2. The fact that BNPL is not appearing on many credit reports indicates another potential gap in traditional credit reporting, increasing their inaccuracy and the risk for lenders and borrowers.

3. As people use BNPL for smaller transactions, this indicates BNPL’s adoption for routine expenses rather than its occasional use.

Chapter Two: 
Shops v Cyber: A Portrait of the New British Consumer in the Cost-Of-Living Crisis

The shift from physical to online shopping is often discussed. It’s a trend visible on almost every high street in the UK, too, with many stores closing and buildings lying empty. And it accelerated rapidly during the pandemic.

The convenience of shopping from the comfort of one's own home, combined with the wider range of online products and the ability to compare prices easily on a screen in the palm of your hand, Makes the shift understandable.

However, some retailers have been able to adapt to the changing market, by offering leisure activities or an “experience” for shoppers or by adopting "click and collect" services.

So, how has the trend continued after the pandemic, and is it more pronounced in different areas of the UK?

Headline findings

1. Average online spending per person is down by 3% compared to last year.

2. But average high street and supermarket spending has increased by 5%.

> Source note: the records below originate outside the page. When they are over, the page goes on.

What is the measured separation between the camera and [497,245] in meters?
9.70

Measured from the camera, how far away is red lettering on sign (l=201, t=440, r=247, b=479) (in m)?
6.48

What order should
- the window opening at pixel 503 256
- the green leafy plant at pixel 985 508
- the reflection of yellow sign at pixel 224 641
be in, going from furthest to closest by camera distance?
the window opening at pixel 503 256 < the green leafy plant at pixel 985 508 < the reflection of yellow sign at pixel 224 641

There has been a surprise decrease in average monthly online spending in the past year, falling by 3% year-on-year to September 2023, as offline expenditure rose by 5% over the same period.

When breaking this down regionally, the move to shopping offline compared to online is particularly true for Londoners. High street spending increased significantly in London (up by more than £5) between September 2022 and September 2023. Still, it was relatively stable elsewhere (up by just 38 pence), meaning the capital city was responsible for driving the average national increase.

These two trends look like a surprise bounce back—or at least a slowing decline—for physical and high street spending after the pandemic, concentrated in London.

Gerald Chappell, CEO and co-founder of Render & Abound, said:

“Earlier in the year, we saw online spending overtake high street spending in London for the first time. It seemed like a tipping point. So, it’s surprising to see average online spending falling now. Things have tipped back. “There are regional differences, but on average, people are now spending more in physical shops than online.”

Key insights:

1. 5% increase in high street and supermarket spending in 2023 while online spending dropped by 3% on average

2. Spending at discount stores increased rapidly throughout 2023; this includes shops like Poundland, Aldi and Lidl

3. The average amount spent on the high street stayed roughly flat in 2023 outside of London, while in the capital, people spent more on the high street compared to 2022.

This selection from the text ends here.